Content starts

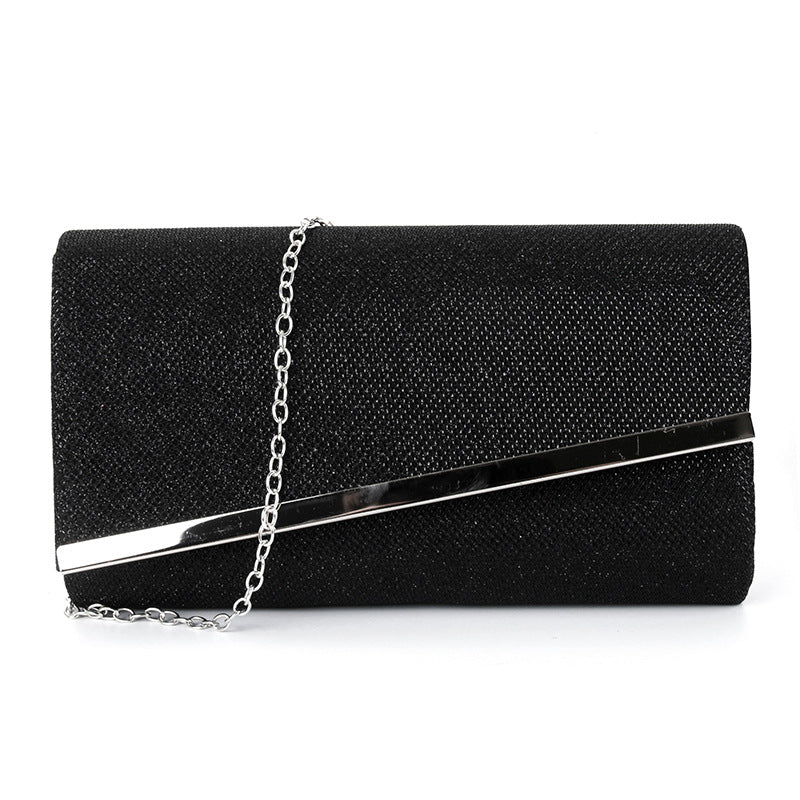 Fashion hard bag clutch metal chain bag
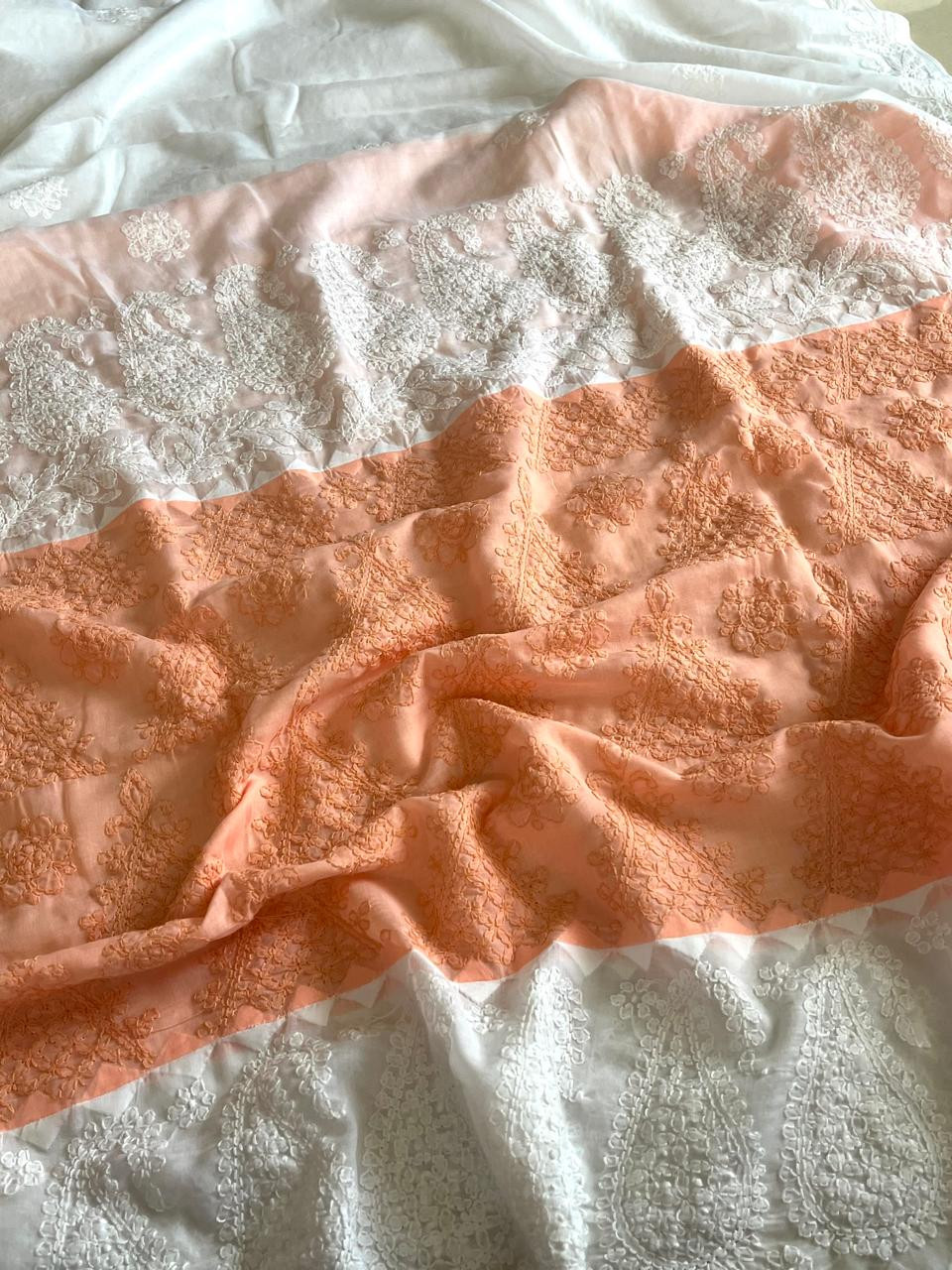 Pure Cotton Hand Chikankari Embroidery Saree- White with Peach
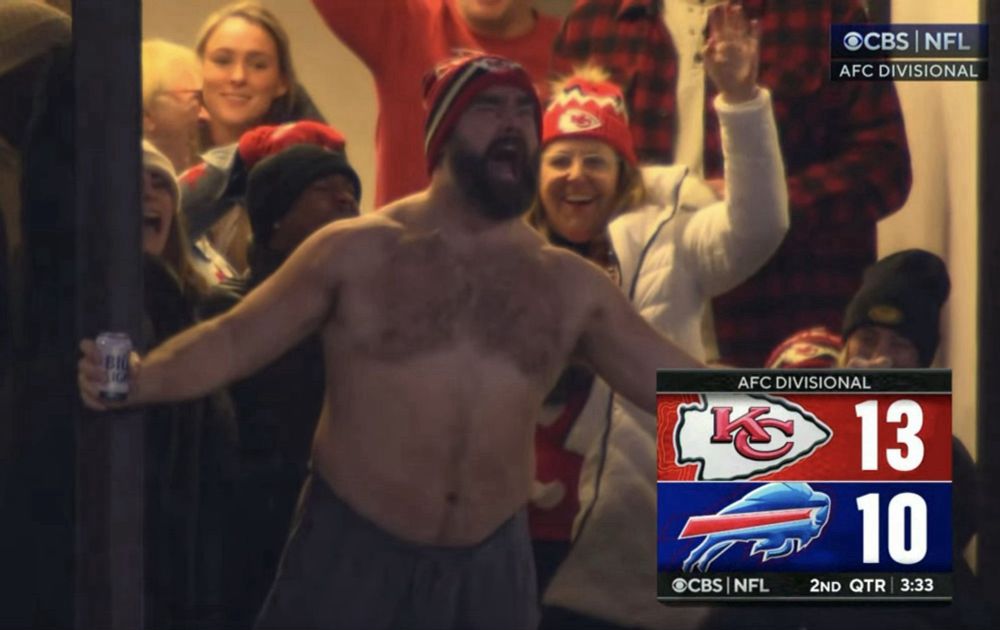 Shirtless Jason Kelce celebrates his brother’s touchdown.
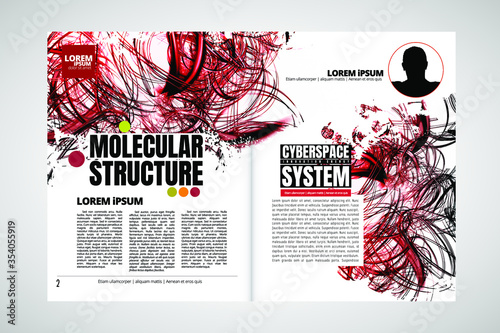 Science magazine with 3D rendering technology concept easy to editable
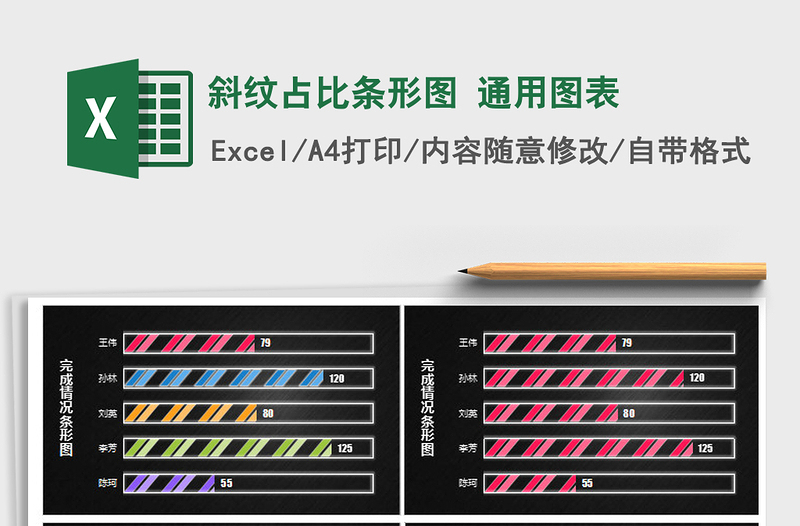 2025年斜纹占比条形图 通用图表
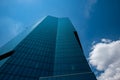 Zurich Prime Tower skyscraper green glass office building. Low wide angle view, sunny summer day, blue sky, no people Royalty Free Stock Photo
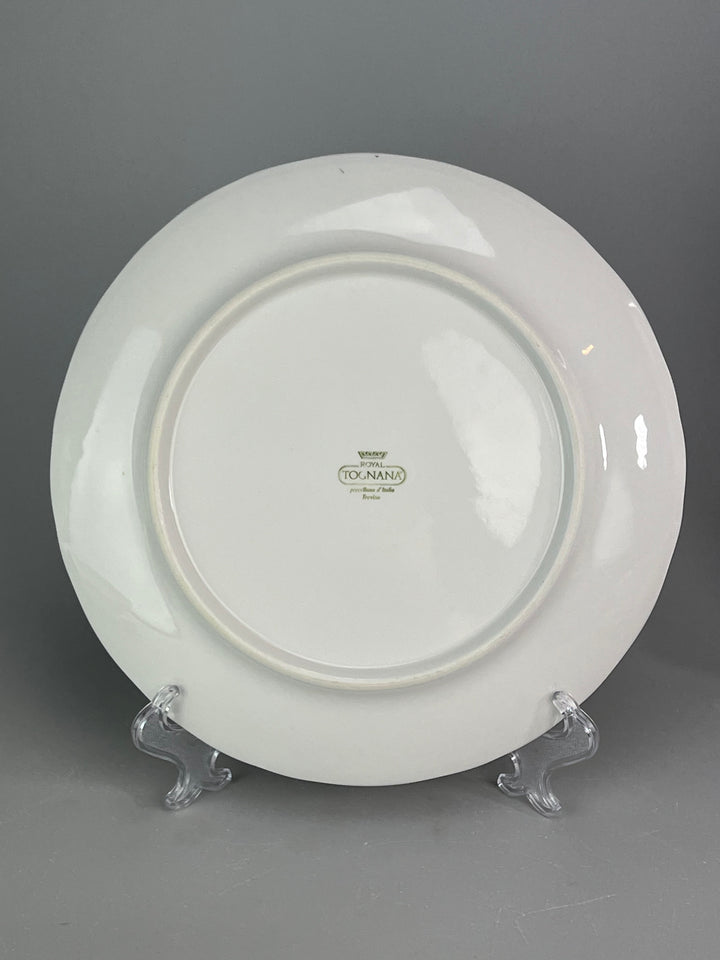 Servizio da tavola per 10 persone Royal Tognana decoro floreale blu e profili oro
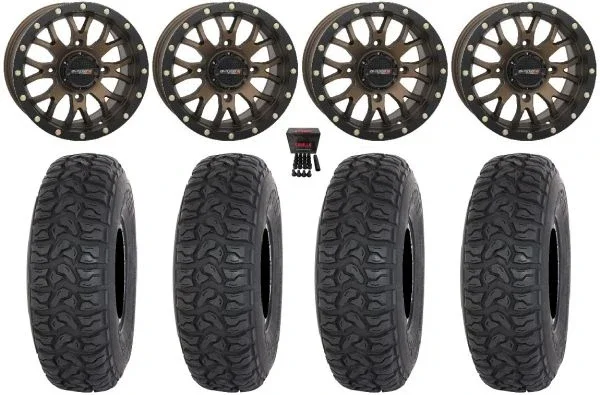 System 3 SB-4 14″ Wheels Black (6+1/4+3) 30″ Chicane LT Tires Can-Am Defender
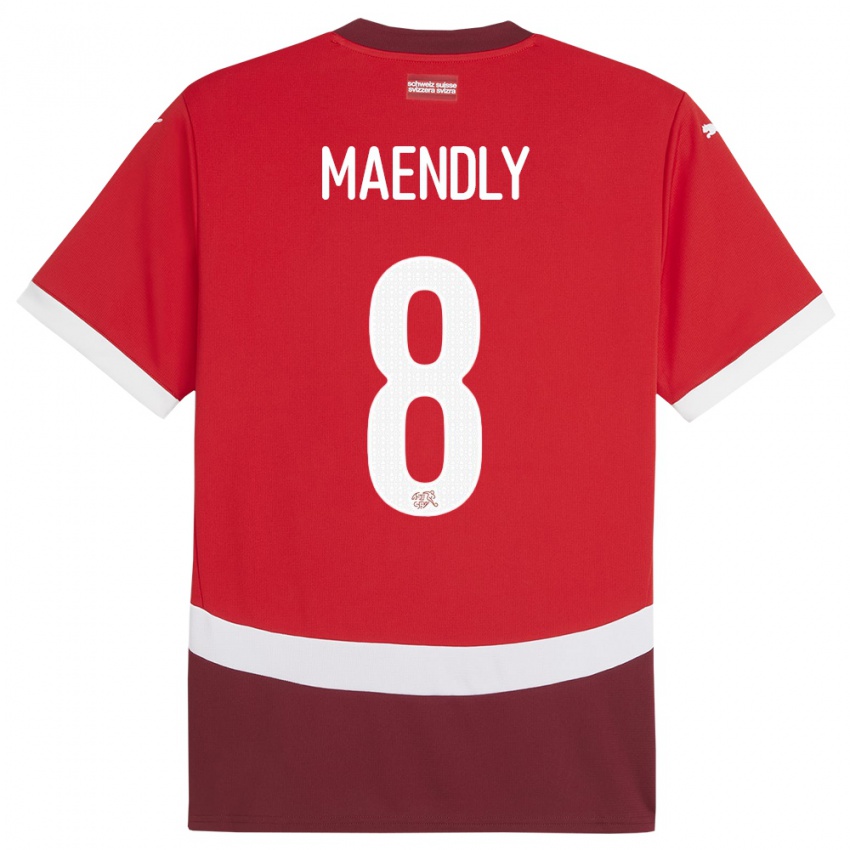 Mujer Camiseta Suiza Sandy Maendly #8 Rojo 1ª Equipación 24-26 La Camisa Chile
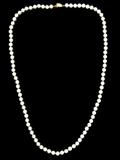 Lot 13: Nice 27" string of white 6.7mm-6.8mm matched cultured pearls,
medium knacker, 14K clasp est. $200.00-$300.00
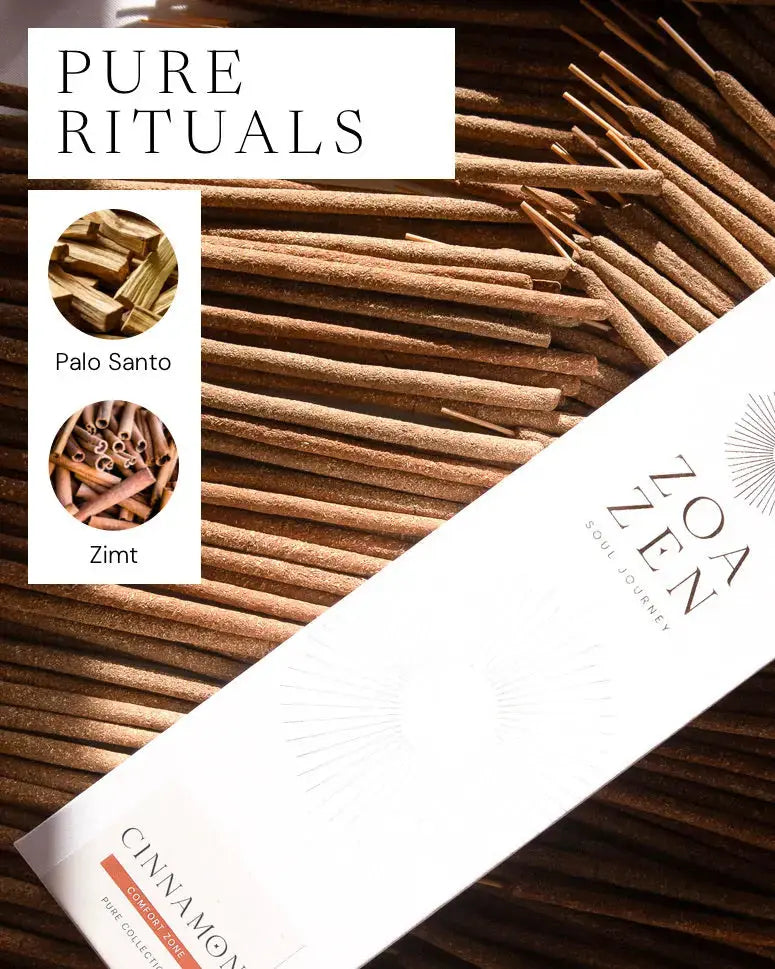 Cinnamon Zen Sticks von ZoaZen – natürliche Zimt-Räucherstäbchen der Pure Collection für Wärme und Geborgenheit – Detailaufnahme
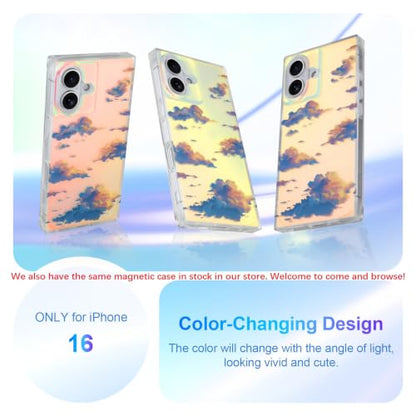 Cute Rectangle Case for iPhone 16 Case, Iridescent Clouds | Twilight Sun Set Sky Pattern Design, Aesthetic Girly Matte Glitter Protective Phone Cover for Women Girls - size: iPhone 16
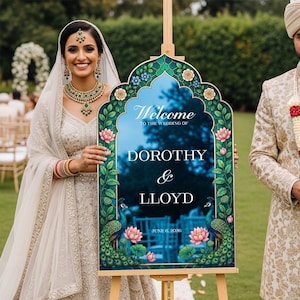 Op de afbeelding: Een boogvormig welkomstbord voor een bruiloft met een donkerblauw midden en witte tekst die Welcome to the wedding of Dorothy & Lloyd June 6, 2026 leest. De rand toont groene pauwenveren, roze lotusbloemen en blauwe florale accenten.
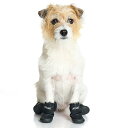 犬の靴 ライフライク ダブルストラップシューズ ブラック 4足入り 着脱簡単・軽量ドッグシューズ 足の保護 お散歩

Content ends

### Your assignment:
Retype the full listing above precisely. Exclude each picture you find in it.

### Task solution:
 Fashion hard bag clutch metal chain bag
 Pure Cotton Hand Chikankari Embroidery Saree- White with Peach
 Shirtless Jason Kelce celebrates his brother’s touchdown.
 Science magazine with 3D rendering technology concept easy to editable
 2025年斜纹占比条形图 通用图表
 Zurich Prime Tower skyscraper green glass office building. Low wide angle view, sunny summer day, blue sky, no people Royalty Free Stock Photo
 Servizio da tavola per 10 persone Royal Tognana decoro floreale blu e profili oro
 System 3 SB-4 14″ Wheels Black (6+1/4+3) 30″ Chicane LT Tires Can-Am Defender
 Mujer Camiseta Suiza Sandy Maendly #8 Rojo 1ª Equipación 24-26 La Camisa Chile
 Lot 13: Nice 27" string of white 6.7mm-6.8mm matched cultured pearls,
medium knacker, 14K clasp est. $200.00-$300.00
 Cinnamon Zen Sticks von ZoaZen – natürliche Zimt-Räucherstäbchen der Pure Collection für Wärme und Geborgenheit – Detailaufnahme
 Cute Rectangle Case for iPhone 16 Case, Iridescent Clouds | Twilight Sun Set Sky Pattern Design, Aesthetic Girly Matte Glitter Protective Phone Cover for Women Girls - size: iPhone 16
 Op de afbeelding: Een boogvormig welkomstbord voor een bruiloft met een donkerblauw midden en witte tekst die Welcome to the wedding of Dorothy & Lloyd June 6, 2026 leest. De rand toont groene pauwenveren, roze lotusbloemen en blauwe florale accenten.
 犬の靴 ライフライク ダブルストラップシューズ ブラック 4足入り 着脱簡単・軽量ドッグシューズ 足の保護 お散歩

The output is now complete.